“It can quickly degenerate”: In prison, communities under tension

It can quickly degenerate In prison communities under tension

He remembers it “like it was yesterday”. First, “strange songs”, impossible to grasp immediately. Then cries, “suddenly”, surely precursors of a fight like the prison knows so many. “Very quickly, we understood that it was a Muslim who was saying his prayers, and that it bothered the other guy who was not at all a believer,” says David *, a former prisoner released two years ago. With a prison density of 117% on April 1, compared to 107% in 2021 according to the Ministry of Justice, French prison establishments are forced to override the principle of individual confinement – enshrined in law since 1875 -, and to mixing inmates whose lifestyles diverge. “Examples abound. It’s the guy who eats pork in front of the Muslim, or the one who blasphemes to provoke his colleague. As we almost all belong to groups, it can quickly degenerate”, continues David, who recalls also this day when a radicalized young man refuses to his fellow prisoner to turn on the television, “an object of propaganda for the West”.
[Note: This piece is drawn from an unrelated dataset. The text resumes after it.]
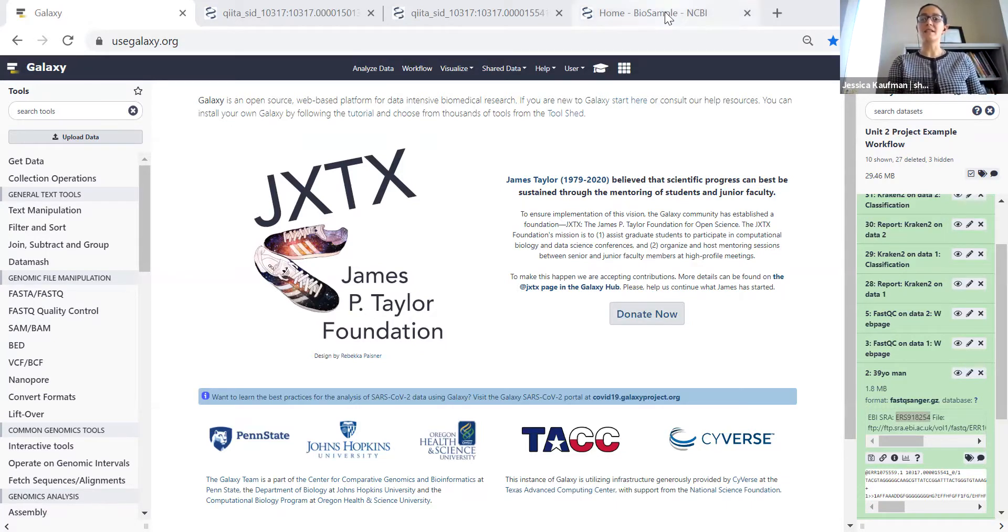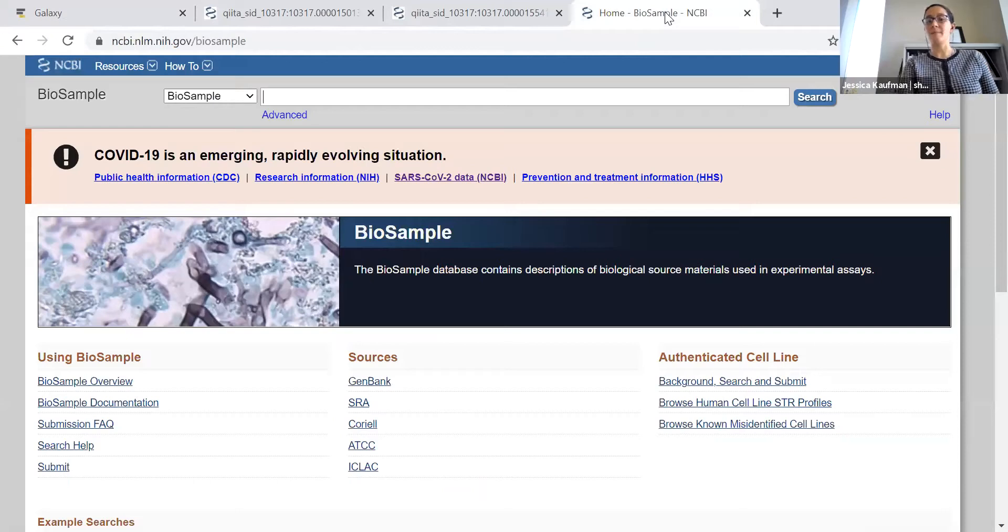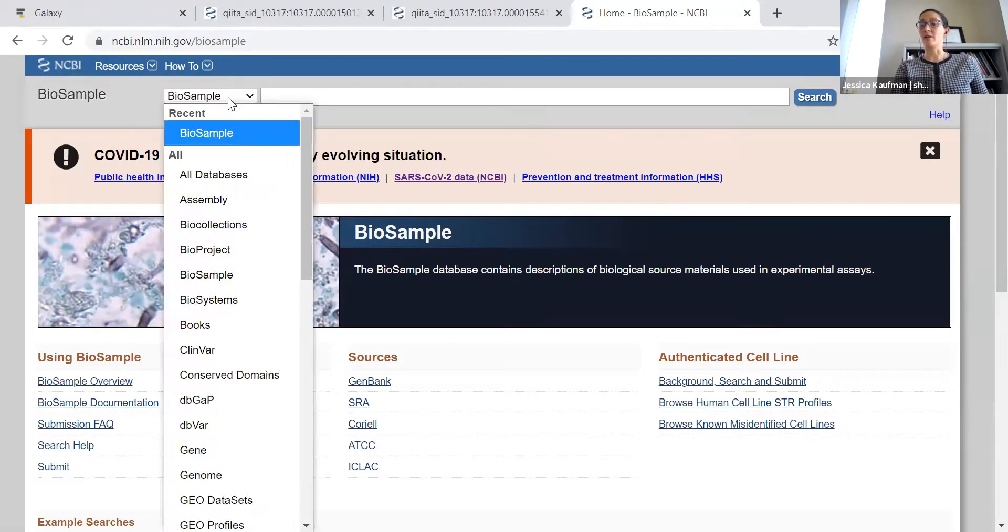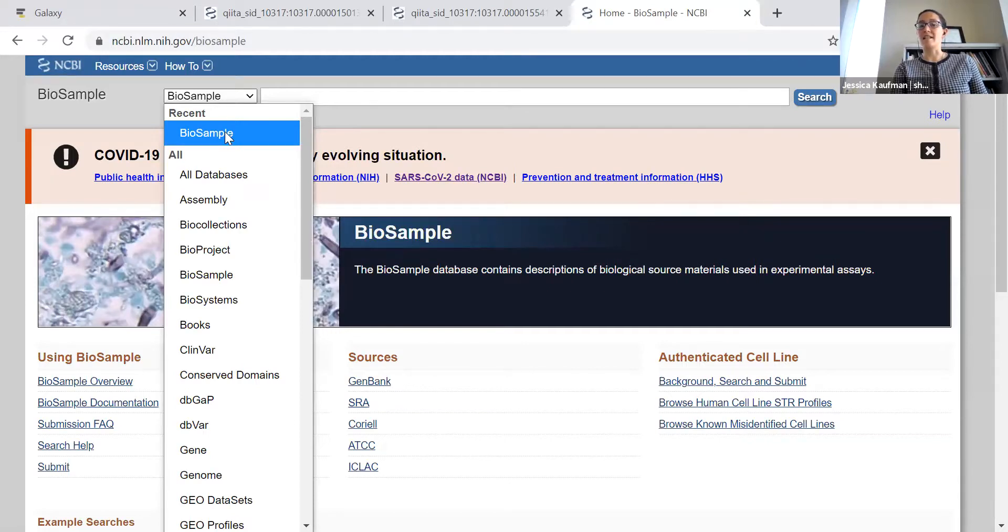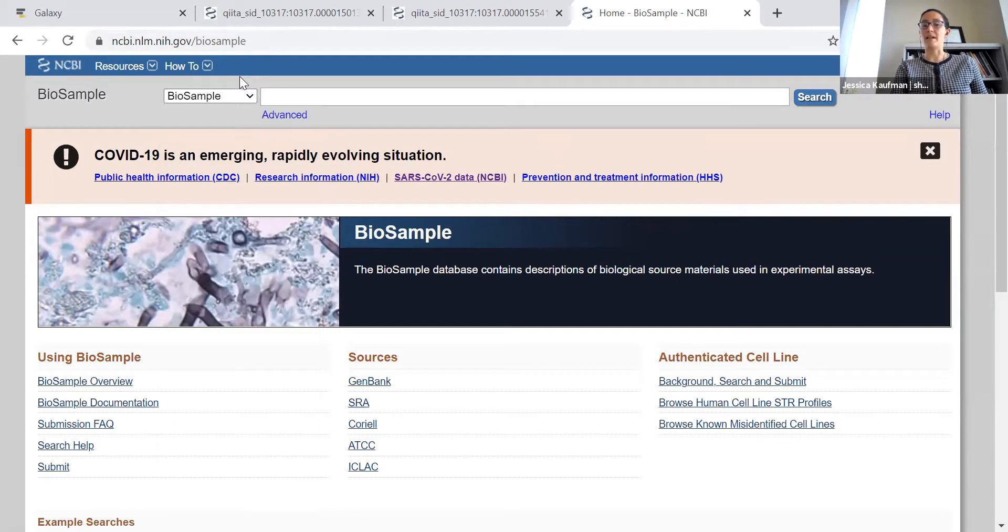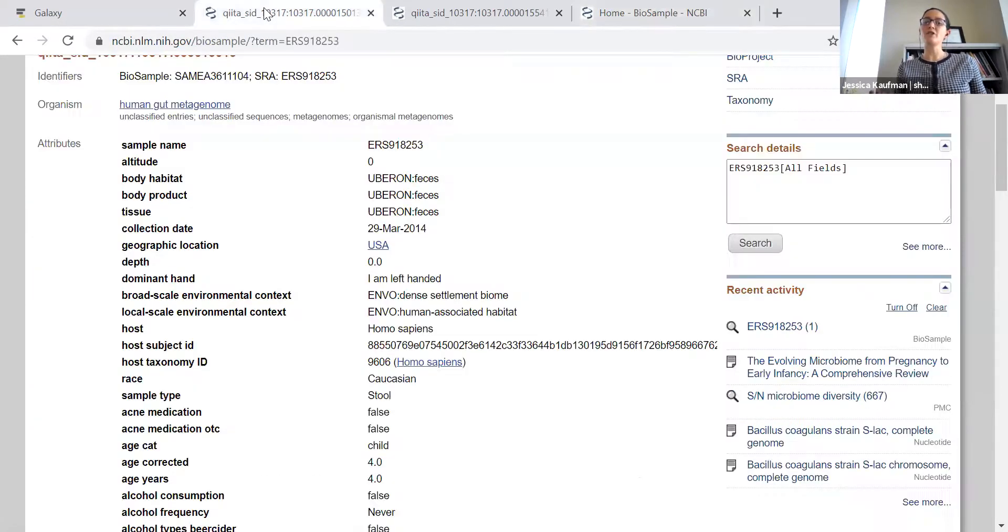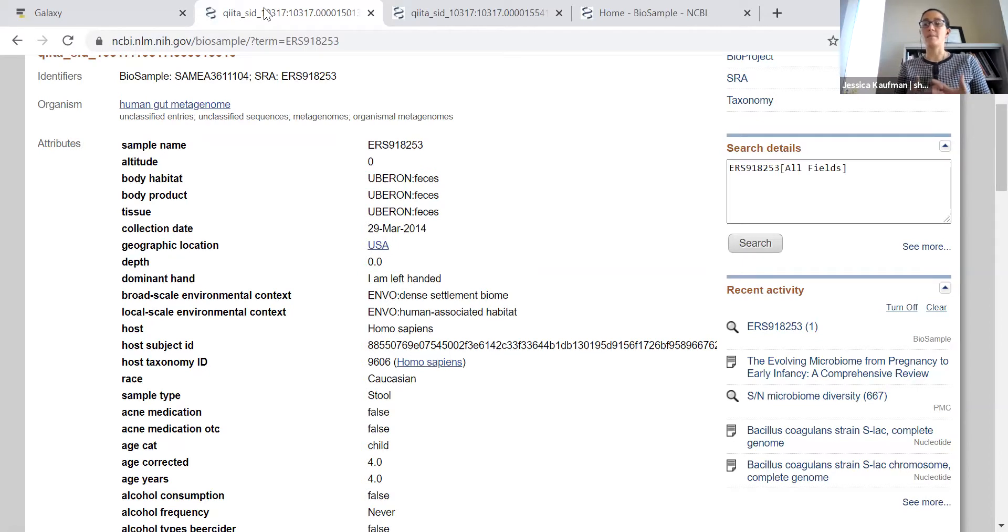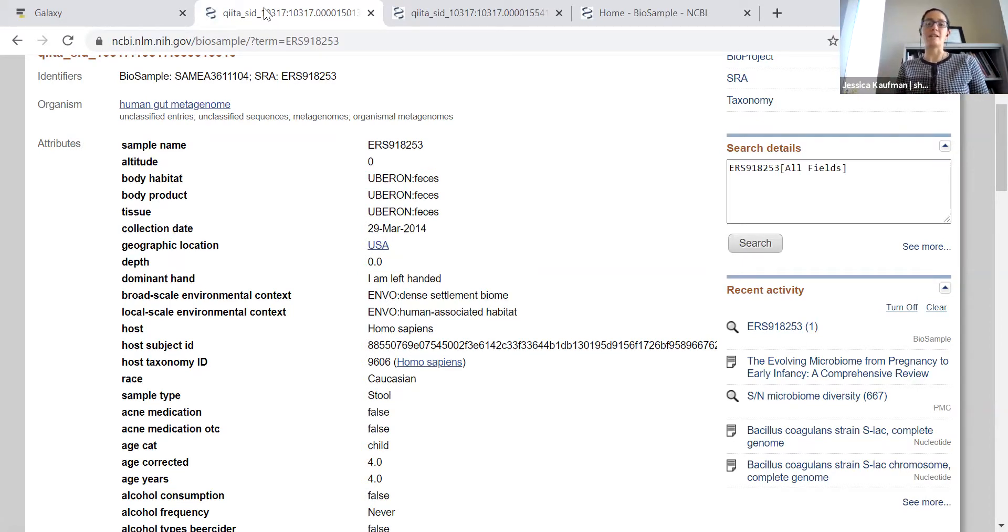The website is called NCBI BioSample. Just like other NCBI resources, you can go to the NCBI homepage and select BioSample from the pull-down menu. I want to show you the two samples I selected. You can see some of the survey questions that are asked when people submit a stool sample to the American Gut Project.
At the heart of these tensions within the prison environment, two main communities stand out, highlighted during the murder of Yvan Colonna last March: Corsican nationalists and Islamists. “There are many clichés that are associated with Corsicans as a general rule, and which are applied with even more intensity in detention. For example, these would be racist, violent, or hostile to Muslims. This stigmatization can then generate conflicts between prisoners”, explains Julien Pinelli, lawyer for Sébastien Mattei, a Corsican prisoner attacked in October 2021 at the central house in Arles. “Many looked at them with a bad eye, especially the Islamists, because they associated them with types attached to their land and their culture, not very welcoming towards foreigners”, abounds David, “convinced” that the Colonna affair will make the situation worse.
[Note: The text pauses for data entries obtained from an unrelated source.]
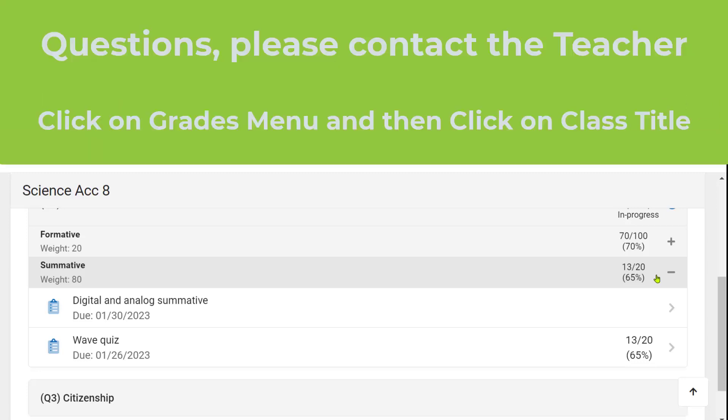If you have any questions about your assignments or your final scores, make sure that you speak to your teacher.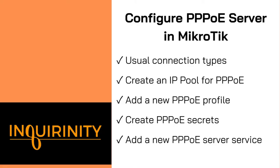So as a recap in this configure PPPoE server in MikroTik video, we have gone through the usual connection types. So of course, we have our DHCP connection type as well as static connection type. And we discuss briefly about the PPPoE connection type. So from there, we have some reasons why we are using PPPoE because of the authentication reason as one of the reasons for that.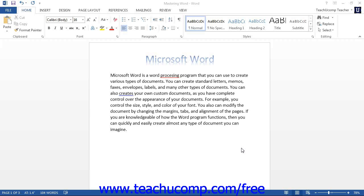When you open a new document, the Insertion Point Cursor appears in the upper left corner of the document. This Insertion Point Cursor identifies where any text that you type with your keyboard will appear.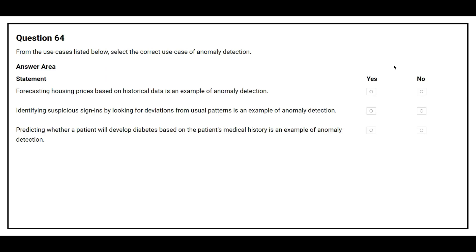Question 64: From the use cases listed below, select the correct use case of anomaly detection. The first statement is: forecasting housing prices based on historical data is an example of anomaly detection.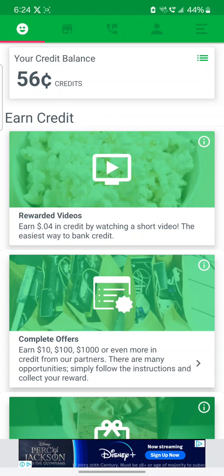The calls are absolutely free, and then you can regain your balance by watching more ads. That's really good — I really like this app.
Tensions between these two groups are not new. In the mid-1990s, the prison institution was faced with a process of “religious pluralization”, with the arrival of Islamist and terrorist prisoners. “The latter will gradually form a community, and replace those of the eastern countries then in the majority, which were not centered on religion”, begins Meyer, a researcher specializing in the fight against Islamist radicalization in the prison environment, who insists on keeping his last name a secret, for security reasons. “Once installed, they will begin to organize collective prayers during walks, co-opt each other in the workshops, and exert pressure on other prisoners to supervise life in detention”, adds a former director of several penitentiary establishments, who wishes to remain anonymous. But the Corsicans will not give in so easily. “These are the ones who have shown the most resistance, and this while many prisoners have converted to Islam, 25% from 2010”, estimates Meyer, who draws these figures from empirical studies carried out in five houses. power stations. Since then, conflicts between these communities have persisted, as has proselytism. According to figures from the prison administration in September 2021, of the approximately 68,000 people incarcerated, 600 would be “common law prisoners suspected of radicalization” (DCSR).

The need for the group

However, the religious dimension is not the only one to structure prison relations. Racism, for example, also produces opposition. “In one prison facility I worked on, blacks totally rejected Arabs, because they felt they had played a fundamental role in the slavery of their ancestors. In another structure, black Africans opposed this time the Blacks from Dom-Toms, whom they accused of being worse than whites regarding the contempt they had for their continent”, develops Farhad Khosrokhavar, sociologist and research director at EHESS. Before adding: “Prison can even create community forms that do not exist outside. A white prisoner told me that he had come together with other whites, because they were They then perceived themselves as the true representatives of the nation, unlike the others, who were in their eyes foreigners”.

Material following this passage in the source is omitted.